The School Board doesn't like it. Teachers don't think very much of it either.
But like it or not, Hernando County is moving full-steam ahead to comply with a state-mandated merit pay plan that would give 25 percent of the district's teachers a 5 percent raise next year, based on their students' performance on standardized tests.
The state has pledged to pay about $1.2-million toward those bonuses if the district submits an acceptable plan by Dec. 31.
If it misses the deadline, Hernando will lose the state money but will still have to pay the bonuses out of pocket.
Earlier this month, board members groused at the state's rushed pace to implement the plan during the current school year, now approaching its mid point.
"The fun thing will be to evaluate teachers retroactively, based on rules you adopt in March," said board member Jim Malcolm.
"I don't think we have any options but to proceed on it," chairman Pat Fagan replied.
For many teachers, the main objection isn't timing but the very notion that standardized tests are a fair way to single out teachers or judge the cumulative, year-by-year effort of educating children.
"I think the individual efforts teachers put in, you really can't separate them from the team efforts that go on," said Mike Pilla, an exceptional-student inclusion teacher at West Hernando Middle School. "Education is such a team process."
He said the state's insistence on pitting teachers against each other for a limited pot of money wasn't helpful, and might even sour teachers on the idea of "mainstreaming" ESE students in their general-education classrooms.
"I think it's destructive to morale and the teaching profession," Pilla said. "I think it's a harmful process."
Under the state's plan, ESE teachers like him and colleague Maureen Finelli - whose students often don't take the Florida Comprehensive Assessment Test - must use a different test to measure their students' progress.

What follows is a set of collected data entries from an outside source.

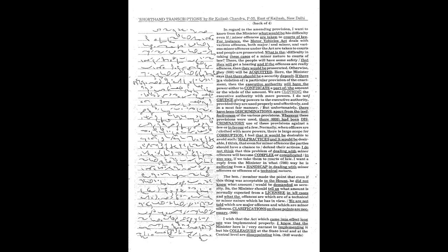I feel that it would be desirable to avoid such malpractices and it would be desirable, I think, that even for minor offences the parties should have a chance to defend their actions. I do not think that this problem of dealing with minor offences will become complex or complicated in any way if we take them to courts of law. I want a reply from the Minister in what way he is suffering from a handicap in dealing with minor offences or offences of a technical nature.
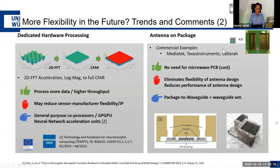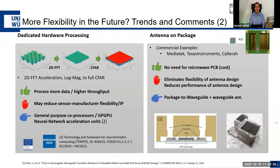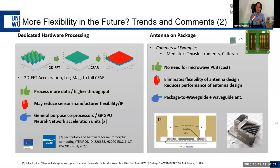The antenna-in-package trend is attractive because it eliminates the high-frequency RF laminate from the PCB, reducing cost. However, it currently eliminates antenna design flexibility and reduces aperture. A promising approach is implementing a package-to-waveguide transition and then using new manufacturing techniques — such as injection-molded metallic waveguide antennas placed over the MMIC — to increase aperture and allow flexible antenna layouts without requiring an RF PCB.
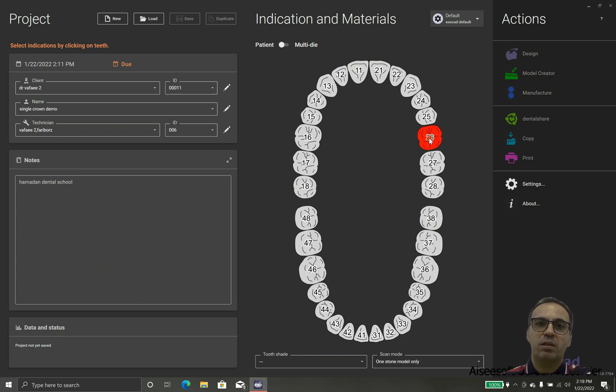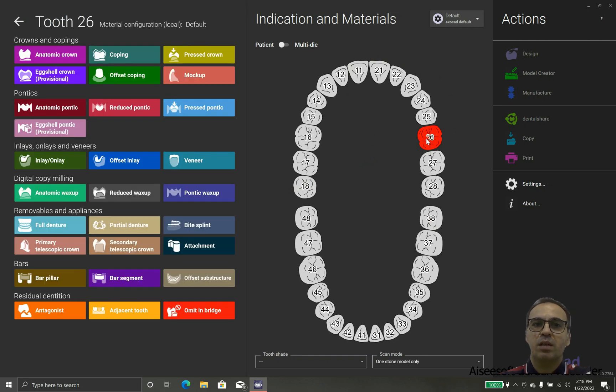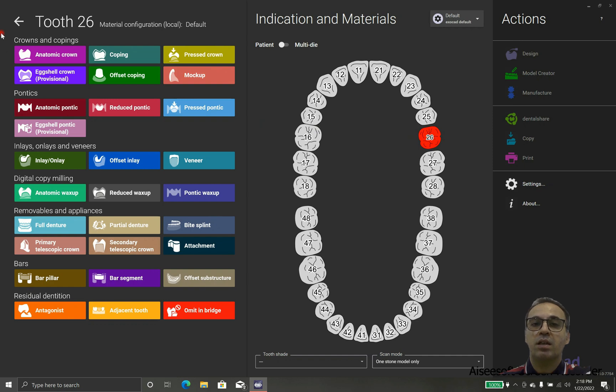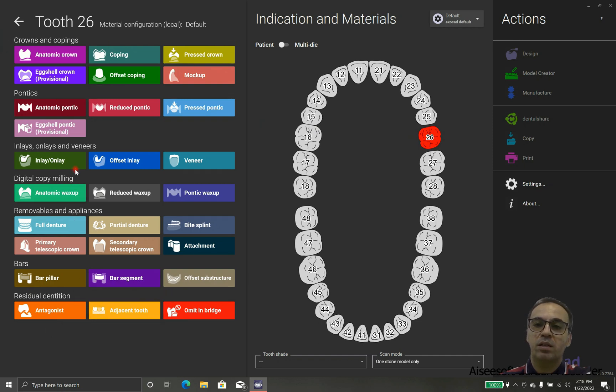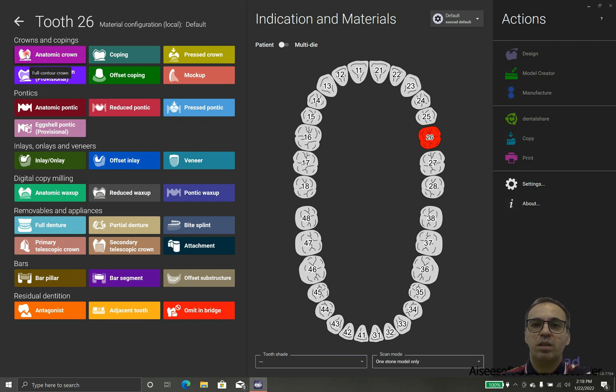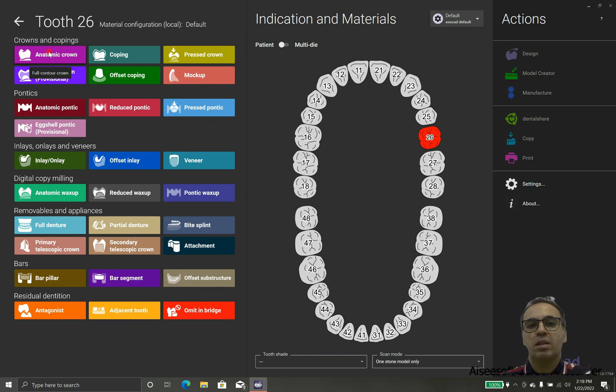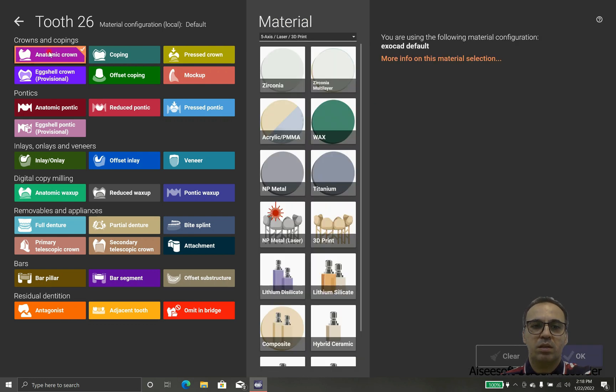Right now the save is not enabled because we didn't tell the software what we are going to do. We are going to design this tooth 26 with an anatomic crown.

That goes for every teacher whose students aren't currently tested, including those in the arts, languages and vocational education.
"It shouldn't be based on student tests," Finelli said. "A kid has a bad day and doesn't do well on the test - it isn't the teacher's fault."
The state is currently working with the Hillsborough County School Board to develop a "test bank" of assessments for subjects not covered by the FCAT.
Jeff Greves, chairman of the mathematics department at Springstead High School, teaches many 11th- and 12th-graders in Advanced Placement classes.
The state plan means those students might have to take another subject-area test in calculus or geometry so that he might qualify for a bit more money, he said.
Meanwhile, the profession is losing good mathematicians to higher-paying jobs in private industry, Greves said.
"They're throwing us a bone," he added. "The state should be doing something about salaries across the board first."
Colleen Doulk, a science teacher at Challenger K-8 School of Science and Mathematics, tries not to think about the plan.
"I'm so against it," she said. "I think it's just ludicrous."
Children learn in different ways and benefit from teachers with different styles, Doulk said. By focusing on test results alone, the state risks overlooking superior teachers whose contributions aren't measured by existing tests, she said.
"It's wrong to lump us all into one category," she said. "At least give us better benefits so we can provide health insurance for our families."
The Florida Education Association has filed a lawsuit challenging the state Department of Education's process in rolling out the program. But in the meantime, Hernando Classroom Teachers Association president Brian Phillips said his union, once a draft has been approved, will negotiate with the district over changes the plan would mean for the teachers' contract.